TASK TO CARRY OUT:
Write out all of the data again, exactly as it reads.
*** Opening RECORDED DATA ***
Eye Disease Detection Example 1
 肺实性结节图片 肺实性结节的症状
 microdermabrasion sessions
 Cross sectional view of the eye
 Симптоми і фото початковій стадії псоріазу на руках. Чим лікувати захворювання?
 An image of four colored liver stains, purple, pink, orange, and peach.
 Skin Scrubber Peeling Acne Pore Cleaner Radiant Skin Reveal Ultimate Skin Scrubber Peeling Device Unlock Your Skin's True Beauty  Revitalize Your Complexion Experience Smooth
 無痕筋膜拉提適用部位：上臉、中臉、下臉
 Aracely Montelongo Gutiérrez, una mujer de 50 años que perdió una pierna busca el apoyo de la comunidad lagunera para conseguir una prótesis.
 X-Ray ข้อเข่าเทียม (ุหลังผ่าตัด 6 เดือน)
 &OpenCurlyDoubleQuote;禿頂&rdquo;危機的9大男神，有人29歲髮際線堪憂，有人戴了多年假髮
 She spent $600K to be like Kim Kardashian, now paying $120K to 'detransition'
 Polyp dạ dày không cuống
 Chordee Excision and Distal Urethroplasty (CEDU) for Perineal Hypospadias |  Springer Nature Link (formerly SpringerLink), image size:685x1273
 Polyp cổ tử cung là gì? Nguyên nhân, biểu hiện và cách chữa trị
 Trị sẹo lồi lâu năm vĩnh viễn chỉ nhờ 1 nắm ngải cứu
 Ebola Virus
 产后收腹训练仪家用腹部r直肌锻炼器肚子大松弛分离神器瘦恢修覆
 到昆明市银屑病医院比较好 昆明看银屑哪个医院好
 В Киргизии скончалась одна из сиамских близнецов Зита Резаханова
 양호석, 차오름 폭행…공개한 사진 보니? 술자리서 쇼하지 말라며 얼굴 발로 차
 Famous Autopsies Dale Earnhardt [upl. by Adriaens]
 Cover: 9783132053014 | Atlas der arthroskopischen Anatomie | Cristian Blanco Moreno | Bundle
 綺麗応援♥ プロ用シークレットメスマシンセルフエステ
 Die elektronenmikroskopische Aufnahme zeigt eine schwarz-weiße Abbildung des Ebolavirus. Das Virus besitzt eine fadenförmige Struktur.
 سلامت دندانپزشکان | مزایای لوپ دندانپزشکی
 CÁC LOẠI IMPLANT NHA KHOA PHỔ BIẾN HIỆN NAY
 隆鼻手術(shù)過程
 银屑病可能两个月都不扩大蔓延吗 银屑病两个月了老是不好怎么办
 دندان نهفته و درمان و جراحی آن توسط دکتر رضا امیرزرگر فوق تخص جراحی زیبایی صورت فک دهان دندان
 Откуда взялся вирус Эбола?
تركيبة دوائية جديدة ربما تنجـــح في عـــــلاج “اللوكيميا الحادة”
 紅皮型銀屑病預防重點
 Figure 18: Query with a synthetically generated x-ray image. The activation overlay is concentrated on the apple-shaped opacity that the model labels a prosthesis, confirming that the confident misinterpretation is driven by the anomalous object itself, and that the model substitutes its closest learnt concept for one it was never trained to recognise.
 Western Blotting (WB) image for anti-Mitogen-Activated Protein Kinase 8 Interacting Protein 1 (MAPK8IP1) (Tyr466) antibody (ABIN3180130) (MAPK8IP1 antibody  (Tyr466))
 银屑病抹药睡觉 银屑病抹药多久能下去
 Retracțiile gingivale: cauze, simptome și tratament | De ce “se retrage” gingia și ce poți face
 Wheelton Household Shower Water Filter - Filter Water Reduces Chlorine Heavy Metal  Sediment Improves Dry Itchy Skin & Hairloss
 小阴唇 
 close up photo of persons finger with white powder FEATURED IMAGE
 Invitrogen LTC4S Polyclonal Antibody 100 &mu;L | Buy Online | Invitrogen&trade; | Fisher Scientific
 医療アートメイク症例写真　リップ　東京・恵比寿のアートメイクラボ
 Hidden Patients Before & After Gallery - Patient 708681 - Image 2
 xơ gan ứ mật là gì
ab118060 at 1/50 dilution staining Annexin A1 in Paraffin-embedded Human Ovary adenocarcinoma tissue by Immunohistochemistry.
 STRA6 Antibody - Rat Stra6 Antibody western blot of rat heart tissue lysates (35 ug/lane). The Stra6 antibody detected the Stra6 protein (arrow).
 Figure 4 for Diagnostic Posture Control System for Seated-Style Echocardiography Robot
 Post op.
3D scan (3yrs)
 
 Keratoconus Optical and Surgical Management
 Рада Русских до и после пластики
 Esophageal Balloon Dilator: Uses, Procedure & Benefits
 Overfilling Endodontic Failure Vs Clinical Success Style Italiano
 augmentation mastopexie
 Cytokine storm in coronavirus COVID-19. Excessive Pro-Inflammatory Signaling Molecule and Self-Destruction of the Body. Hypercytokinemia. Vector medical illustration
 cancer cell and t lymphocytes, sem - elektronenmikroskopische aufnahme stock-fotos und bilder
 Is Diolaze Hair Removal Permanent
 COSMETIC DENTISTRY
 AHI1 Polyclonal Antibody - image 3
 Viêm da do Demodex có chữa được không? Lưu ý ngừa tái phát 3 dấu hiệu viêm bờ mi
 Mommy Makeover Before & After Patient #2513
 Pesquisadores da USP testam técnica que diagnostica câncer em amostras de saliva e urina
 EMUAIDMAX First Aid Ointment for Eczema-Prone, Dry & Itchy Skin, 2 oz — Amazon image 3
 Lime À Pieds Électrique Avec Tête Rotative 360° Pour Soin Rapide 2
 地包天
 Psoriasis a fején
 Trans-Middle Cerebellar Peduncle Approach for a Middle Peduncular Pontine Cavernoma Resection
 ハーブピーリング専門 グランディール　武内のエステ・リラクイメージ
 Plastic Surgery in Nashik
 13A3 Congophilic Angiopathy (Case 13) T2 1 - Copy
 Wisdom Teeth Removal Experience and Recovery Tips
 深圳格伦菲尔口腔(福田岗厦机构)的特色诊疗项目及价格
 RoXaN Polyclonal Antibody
*** Closing RECORDED DATA ***
RESPONSE FOR THIS EXERCISE:
Eye Disease Detection Example 1
 肺实性结节图片 肺实性结节的症状
 microdermabrasion sessions
 Cross sectional view of the eye
 Симптоми і фото початковій стадії псоріазу на руках. Чим лікувати захворювання?
 An image of four colored liver stains, purple, pink, orange, and peach.
 Skin Scrubber Peeling Acne Pore Cleaner Radiant Skin Reveal Ultimate Skin Scrubber Peeling Device Unlock Your Skin's True Beauty  Revitalize Your Complexion Experience Smooth
 無痕筋膜拉提適用部位：上臉、中臉、下臉
 Aracely Montelongo Gutiérrez, una mujer de 50 años que perdió una pierna busca el apoyo de la comunidad lagunera para conseguir una prótesis.
 X-Ray ข้อเข่าเทียม (ุหลังผ่าตัด 6 เดือน)
 &OpenCurlyDoubleQuote;禿頂&rdquo;危機的9大男神，有人29歲髮際線堪憂，有人戴了多年假髮
 She spent $600K to be like Kim Kardashian, now paying $120K to 'detransition'
 Polyp dạ dày không cuống
 Chordee Excision and Distal Urethroplasty (CEDU) for Perineal Hypospadias |  Springer Nature Link (formerly SpringerLink), image size:685x1273
 Polyp cổ tử cung là gì? Nguyên nhân, biểu hiện và cách chữa trị
 Trị sẹo lồi lâu năm vĩnh viễn chỉ nhờ 1 nắm ngải cứu
 Ebola Virus
 产后收腹训练仪家用腹部r直肌锻炼器肚子大松弛分离神器瘦恢修覆
 到昆明市银屑病医院比较好 昆明看银屑哪个医院好
 В Киргизии скончалась одна из сиамских близнецов Зита Резаханова
 양호석, 차오름 폭행…공개한 사진 보니? 술자리서 쇼하지 말라며 얼굴 발로 차
 Famous Autopsies Dale Earnhardt [upl. by Adriaens]
 Cover: 9783132053014 | Atlas der arthroskopischen Anatomie | Cristian Blanco Moreno | Bundle
 綺麗応援♥ プロ用シークレットメスマシンセルフエステ
 Die elektronenmikroskopische Aufnahme zeigt eine schwarz-weiße Abbildung des Ebolavirus. Das Virus besitzt eine fadenförmige Struktur.
 سلامت دندانپزشکان | مزایای لوپ دندانپزشکی
 CÁC LOẠI IMPLANT NHA KHOA PHỔ BIẾN HIỆN NAY
 隆鼻手術(shù)過程
 银屑病可能两个月都不扩大蔓延吗 银屑病两个月了老是不好怎么办
 دندان نهفته و درمان و جراحی آن توسط دکتر رضا امیرزرگر فوق تخص جراحی زیبایی صورت فک دهان دندان
 Откуда взялся вирус Эбола?
تركيبة دوائية جديدة ربما تنجـــح في عـــــلاج “اللوكيميا الحادة”
 紅皮型銀屑病預防重點
 Figure 18: Query with a synthetically generated x-ray image. The activation overlay is concentrated on the apple-shaped opacity that the model labels a prosthesis, confirming that the confident misinterpretation is driven by the anomalous object itself, and that the model substitutes its closest learnt concept for one it was never trained to recognise.
 Western Blotting (WB) image for anti-Mitogen-Activated Protein Kinase 8 Interacting Protein 1 (MAPK8IP1) (Tyr466) antibody (ABIN3180130) (MAPK8IP1 antibody  (Tyr466))
 银屑病抹药睡觉 银屑病抹药多久能下去
 Retracțiile gingivale: cauze, simptome și tratament | De ce “se retrage” gingia și ce poți face
 Wheelton Household Shower Water Filter - Filter Water Reduces Chlorine Heavy Metal  Sediment Improves Dry Itchy Skin & Hairloss
 小阴唇 
 close up photo of persons finger with white powder FEATURED IMAGE
 Invitrogen LTC4S Polyclonal Antibody 100 &mu;L | Buy Online | Invitrogen&trade; | Fisher Scientific
 医療アートメイク症例写真　リップ　東京・恵比寿のアートメイクラボ
 Hidden Patients Before & After Gallery - Patient 708681 - Image 2
 xơ gan ứ mật là gì
ab118060 at 1/50 dilution staining Annexin A1 in Paraffin-embedded Human Ovary adenocarcinoma tissue by Immunohistochemistry.
 STRA6 Antibody - Rat Stra6 Antibody western blot of rat heart tissue lysates (35 ug/lane). The Stra6 antibody detected the Stra6 protein (arrow).
 Figure 4 for Diagnostic Posture Control System for Seated-Style Echocardiography Robot
 Post op.
3D scan (3yrs)
 
 Keratoconus Optical and Surgical Management
 Рада Русских до и после пластики
 Esophageal Balloon Dilator: Uses, Procedure & Benefits
 Overfilling Endodontic Failure Vs Clinical Success Style Italiano
 augmentation mastopexie
 Cytokine storm in coronavirus COVID-19. Excessive Pro-Inflammatory Signaling Molecule and Self-Destruction of the Body. Hypercytokinemia. Vector medical illustration
 cancer cell and t lymphocytes, sem - elektronenmikroskopische aufnahme stock-fotos und bilder
 Is Diolaze Hair Removal Permanent
 COSMETIC DENTISTRY
 AHI1 Polyclonal Antibody - image 3
 Viêm da do Demodex có chữa được không? Lưu ý ngừa tái phát 3 dấu hiệu viêm bờ mi
 Mommy Makeover Before & After Patient #2513
 Pesquisadores da USP testam técnica que diagnostica câncer em amostras de saliva e urina
 EMUAIDMAX First Aid Ointment for Eczema-Prone, Dry & Itchy Skin, 2 oz — Amazon image 3
 Lime À Pieds Électrique Avec Tête Rotative 360° Pour Soin Rapide 2
 地包天
 Psoriasis a fején
 Trans-Middle Cerebellar Peduncle Approach for a Middle Peduncular Pontine Cavernoma Resection
 ハーブピーリング専門 グランディール　武内のエステ・リラクイメージ
 Plastic Surgery in Nashik
 13A3 Congophilic Angiopathy (Case 13) T2 1 - Copy
 Wisdom Teeth Removal Experience and Recovery Tips
 深圳格伦菲尔口腔(福田岗厦机构)的特色诊疗项目及价格
 RoXaN Polyclonal Antibody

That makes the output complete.